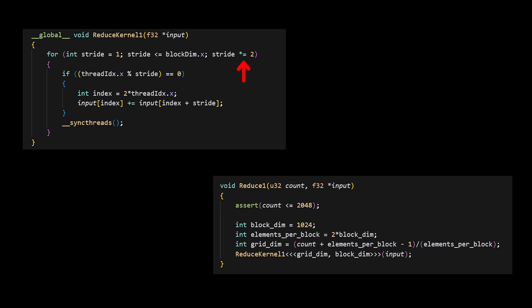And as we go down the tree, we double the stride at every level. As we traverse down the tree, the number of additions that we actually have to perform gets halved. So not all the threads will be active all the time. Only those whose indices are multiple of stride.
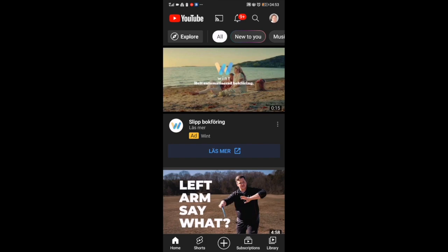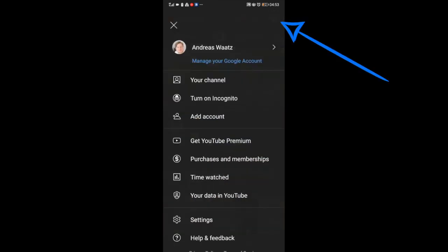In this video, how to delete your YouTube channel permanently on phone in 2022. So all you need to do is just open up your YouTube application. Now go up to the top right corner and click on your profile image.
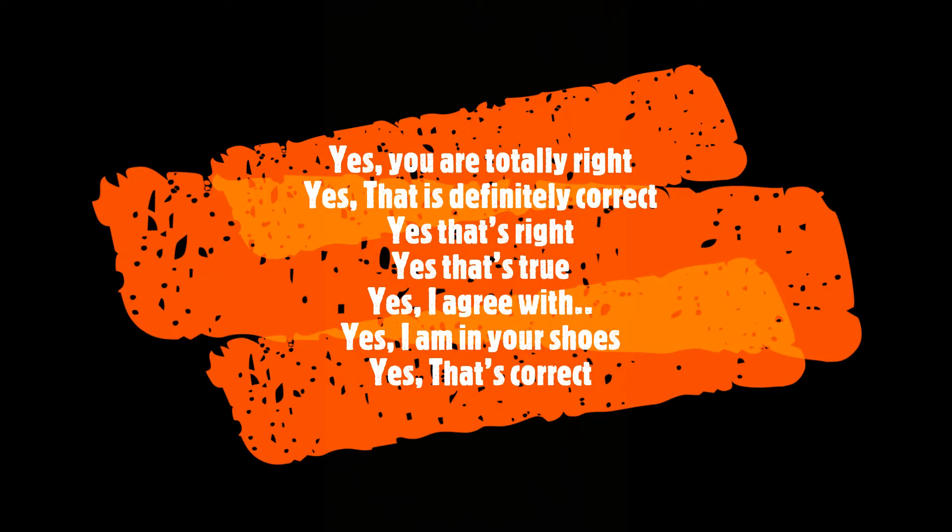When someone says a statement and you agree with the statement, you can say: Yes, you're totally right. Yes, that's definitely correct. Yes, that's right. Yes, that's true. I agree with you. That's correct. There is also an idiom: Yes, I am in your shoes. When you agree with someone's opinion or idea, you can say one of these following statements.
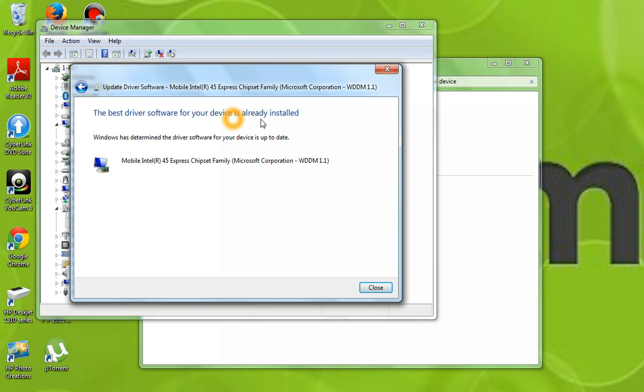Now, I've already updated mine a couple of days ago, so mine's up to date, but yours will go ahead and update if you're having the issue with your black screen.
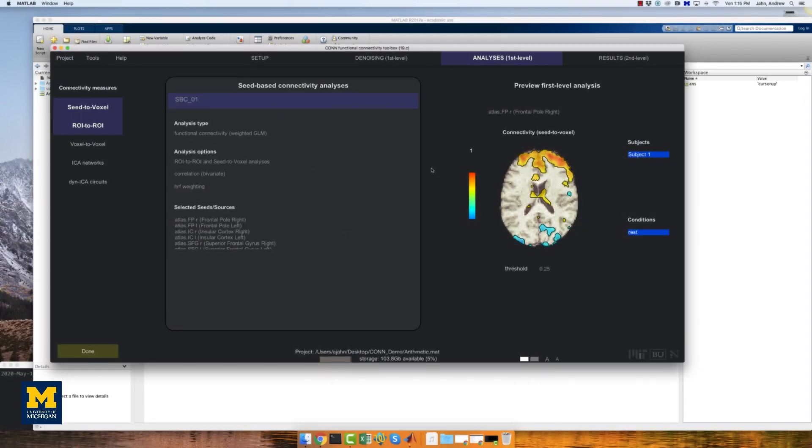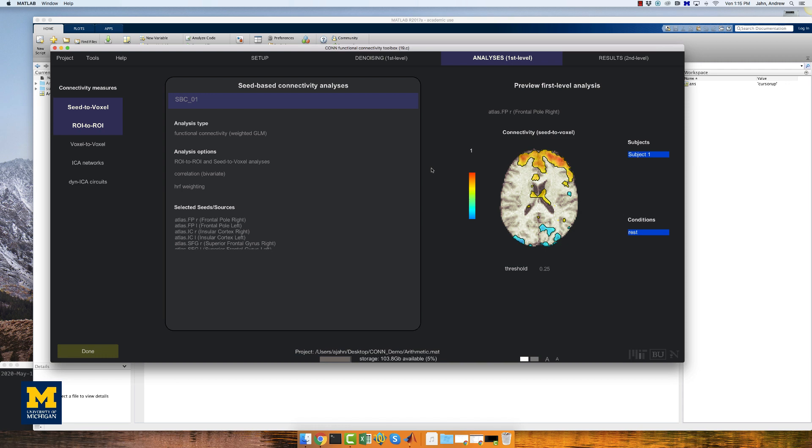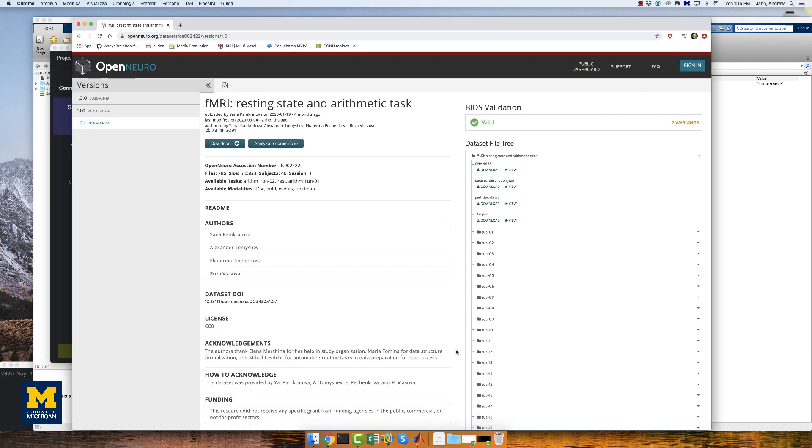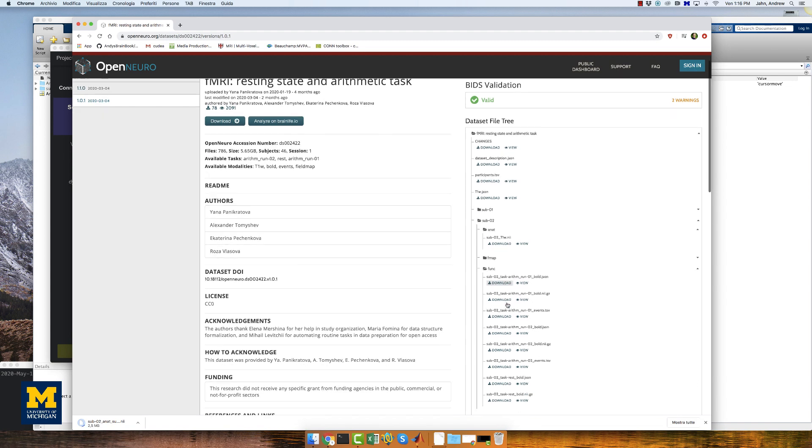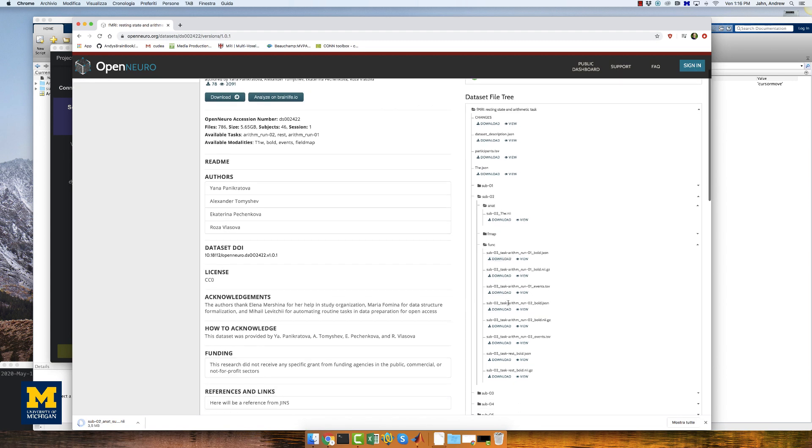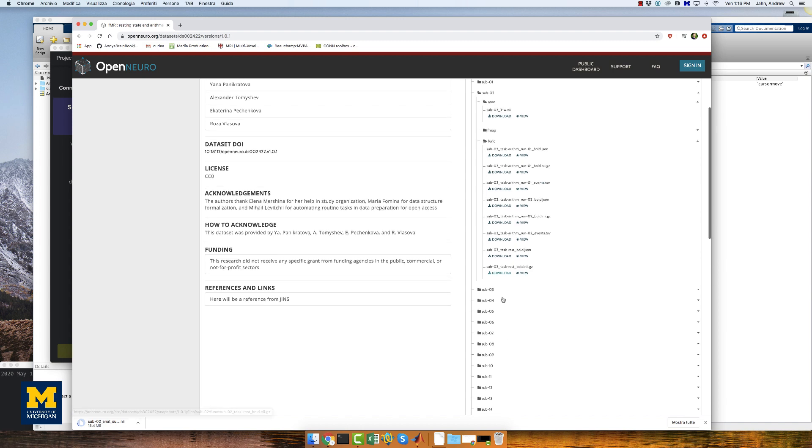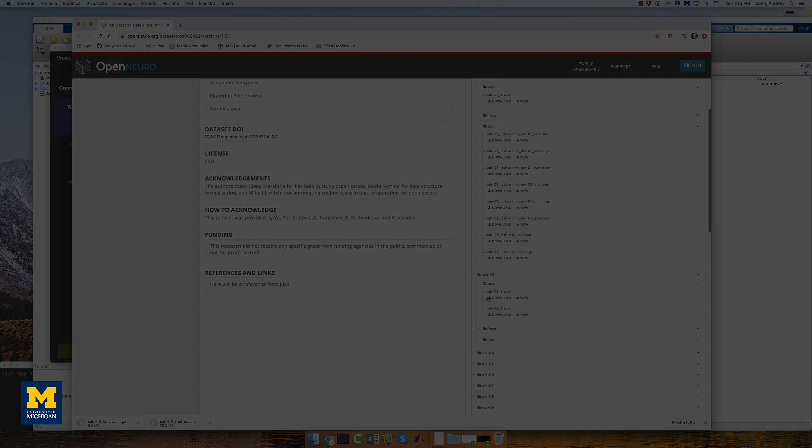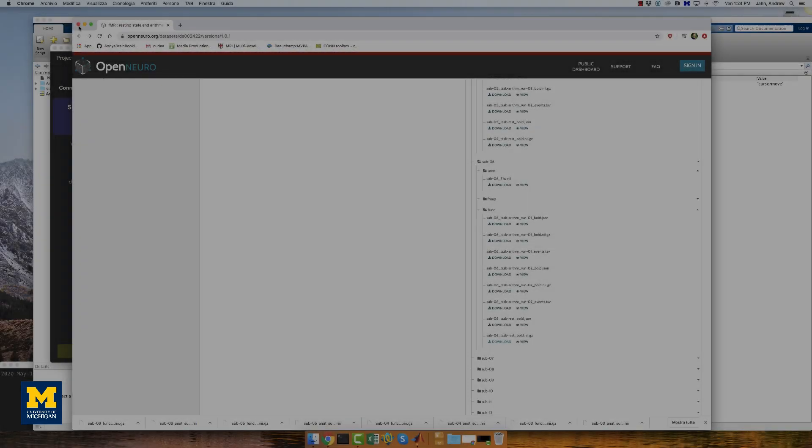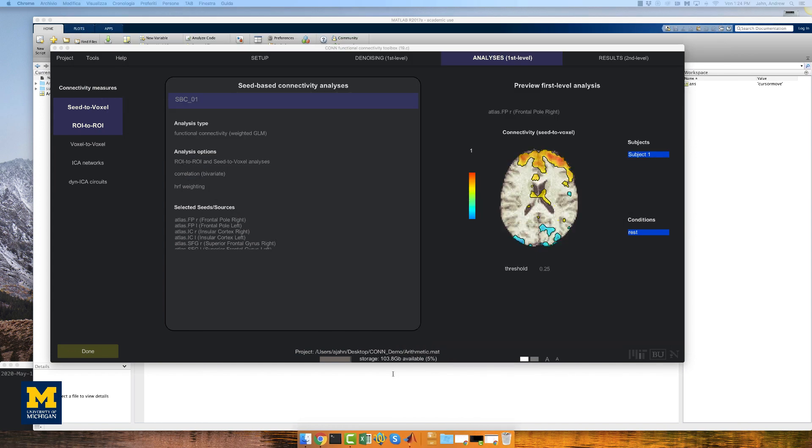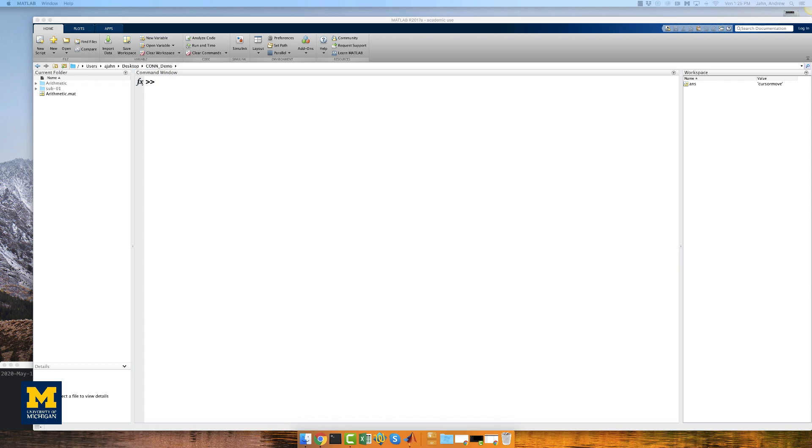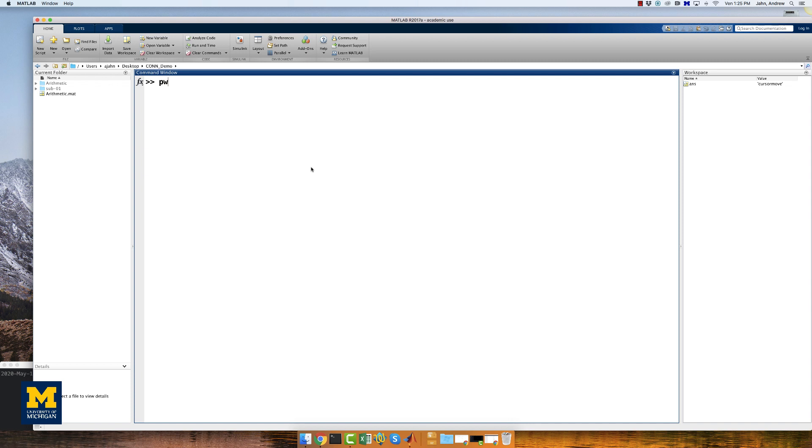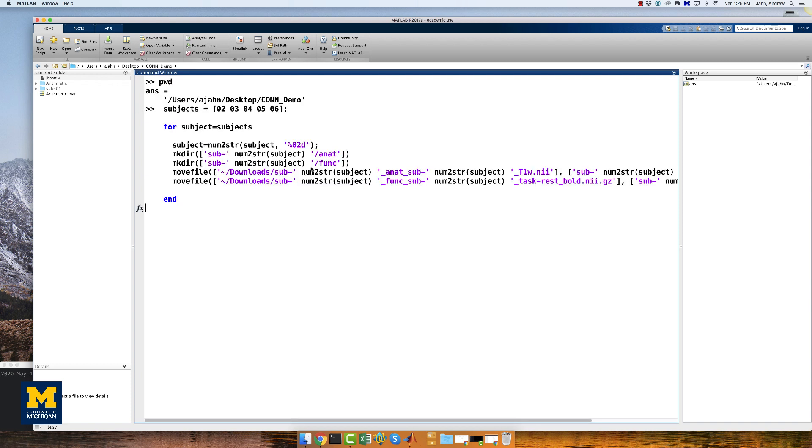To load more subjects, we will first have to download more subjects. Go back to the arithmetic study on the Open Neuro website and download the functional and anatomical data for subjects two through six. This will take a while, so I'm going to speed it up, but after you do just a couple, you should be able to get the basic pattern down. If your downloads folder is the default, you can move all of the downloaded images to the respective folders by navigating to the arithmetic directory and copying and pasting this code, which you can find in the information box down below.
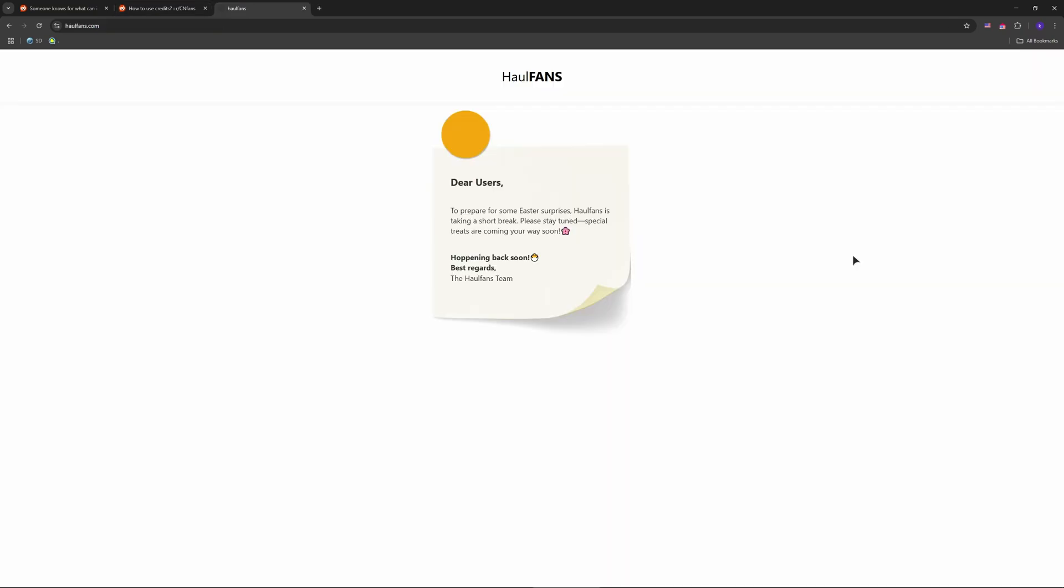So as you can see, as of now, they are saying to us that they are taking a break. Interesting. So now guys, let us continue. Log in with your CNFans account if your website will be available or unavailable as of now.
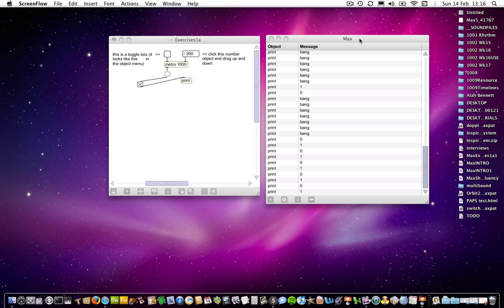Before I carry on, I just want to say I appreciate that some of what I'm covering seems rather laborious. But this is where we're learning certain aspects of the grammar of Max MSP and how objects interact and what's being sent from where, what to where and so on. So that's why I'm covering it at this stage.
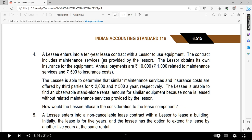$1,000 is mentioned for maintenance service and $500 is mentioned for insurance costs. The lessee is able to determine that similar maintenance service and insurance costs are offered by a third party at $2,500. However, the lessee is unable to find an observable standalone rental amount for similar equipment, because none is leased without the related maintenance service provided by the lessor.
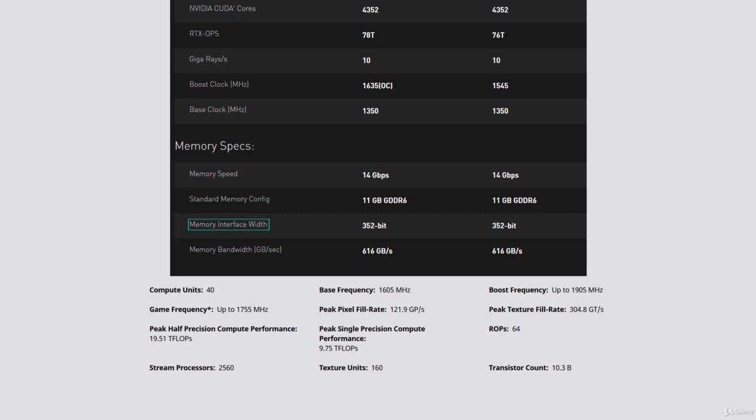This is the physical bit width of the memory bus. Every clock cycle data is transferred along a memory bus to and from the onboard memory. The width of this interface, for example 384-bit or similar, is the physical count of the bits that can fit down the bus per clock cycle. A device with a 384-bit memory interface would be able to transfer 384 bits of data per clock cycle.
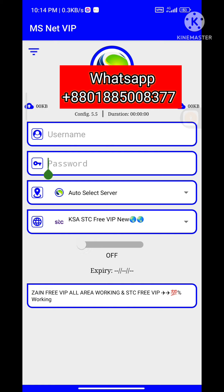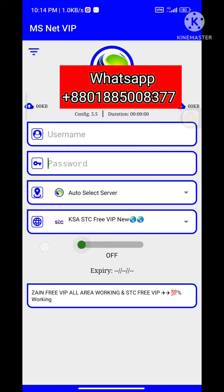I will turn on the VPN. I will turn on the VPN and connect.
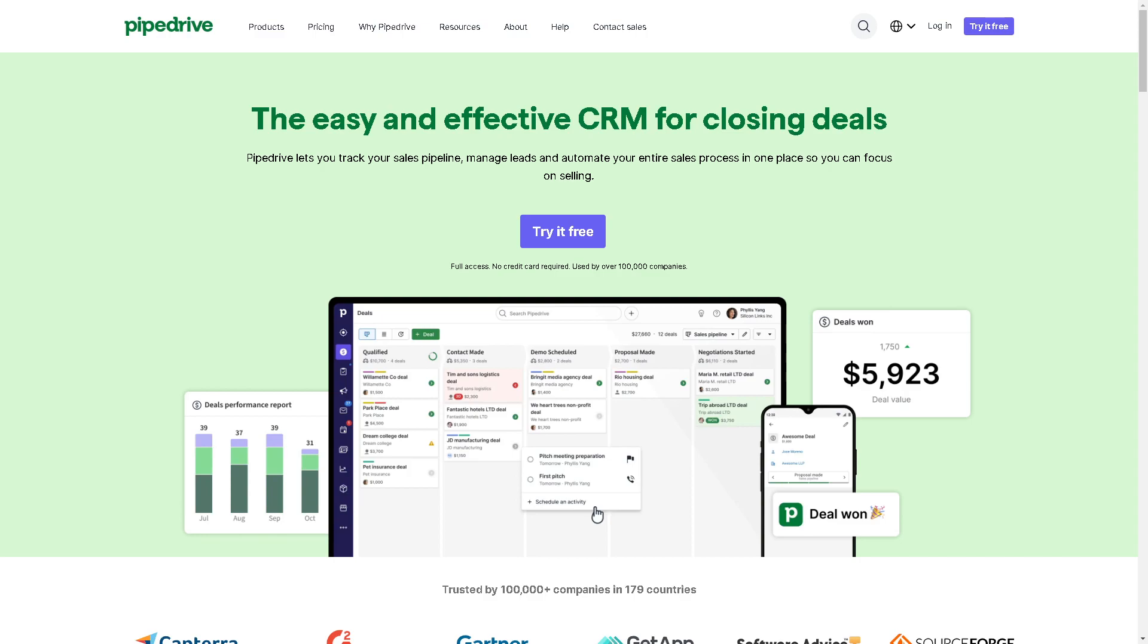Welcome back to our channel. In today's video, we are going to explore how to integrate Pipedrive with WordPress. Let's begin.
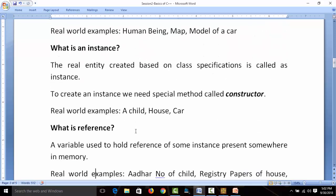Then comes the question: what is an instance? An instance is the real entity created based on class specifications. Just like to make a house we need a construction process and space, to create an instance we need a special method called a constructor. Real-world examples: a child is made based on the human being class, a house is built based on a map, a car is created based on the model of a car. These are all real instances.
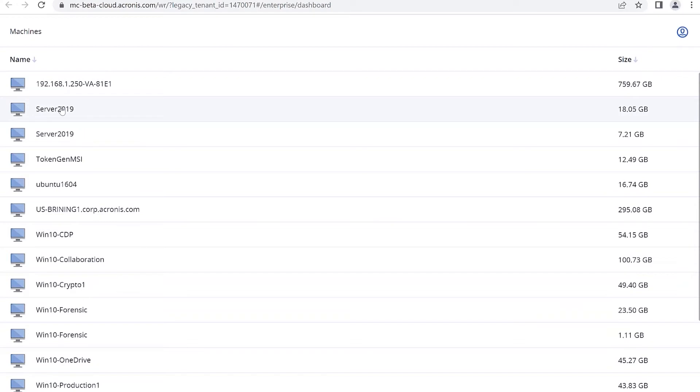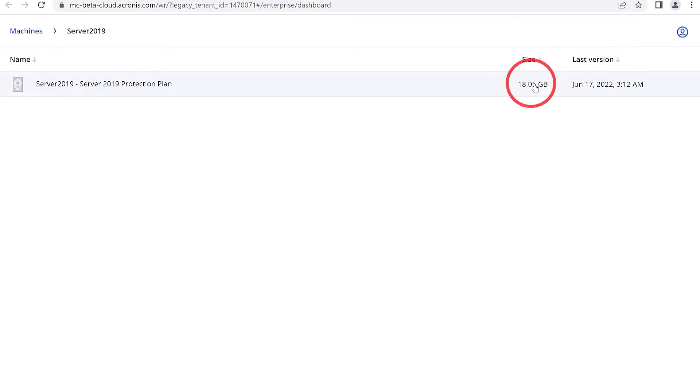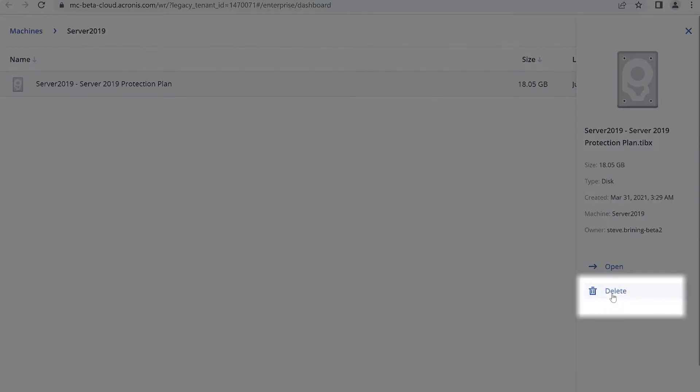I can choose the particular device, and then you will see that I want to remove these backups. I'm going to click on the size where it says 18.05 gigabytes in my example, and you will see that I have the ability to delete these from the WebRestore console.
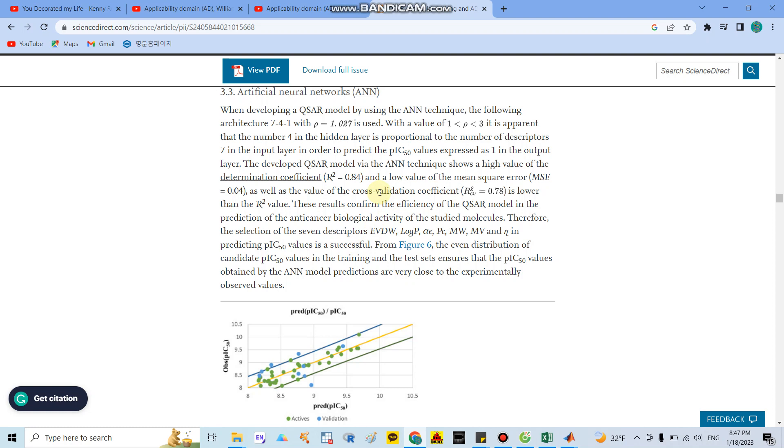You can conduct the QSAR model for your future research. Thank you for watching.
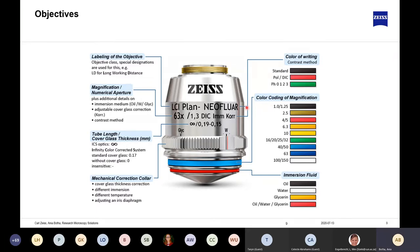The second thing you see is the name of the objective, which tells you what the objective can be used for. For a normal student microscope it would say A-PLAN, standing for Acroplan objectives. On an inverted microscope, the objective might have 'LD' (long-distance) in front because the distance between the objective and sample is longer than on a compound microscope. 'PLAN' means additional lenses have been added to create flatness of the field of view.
--------------------------------------------------
_Exercise prompt_
The result should be an exact copy of only the lines above from the one that holds "To load more" through the one that holds "Before I carry", both ends included, without pictures.

_Exercise answer_
To load more subjects, we will first have to download more subjects. Go back to the arithmetic study on the Open Neuro website and download the functional and anatomical data for subjects two through six. This will take a while, so I'm going to speed it up, but after you do just a couple, you should be able to get the basic pattern down. If your downloads folder is the default, you can move all of the downloaded images to the respective folders by navigating to the arithmetic directory and copying and pasting this code, which you can find in the information box down below.
So as you can see, as of now, they are saying to us that they are taking a break. Interesting. So now guys, let us continue. Log in with your CNFans account if your website will be available or unavailable as of now.
Before I carry on, I just want to say I appreciate that some of what I'm covering seems rather laborious. But this is where we're learning certain aspects of the grammar of Max MSP and how objects interact and what's being sent from where, what to where and so on. So that's why I'm covering it at this stage.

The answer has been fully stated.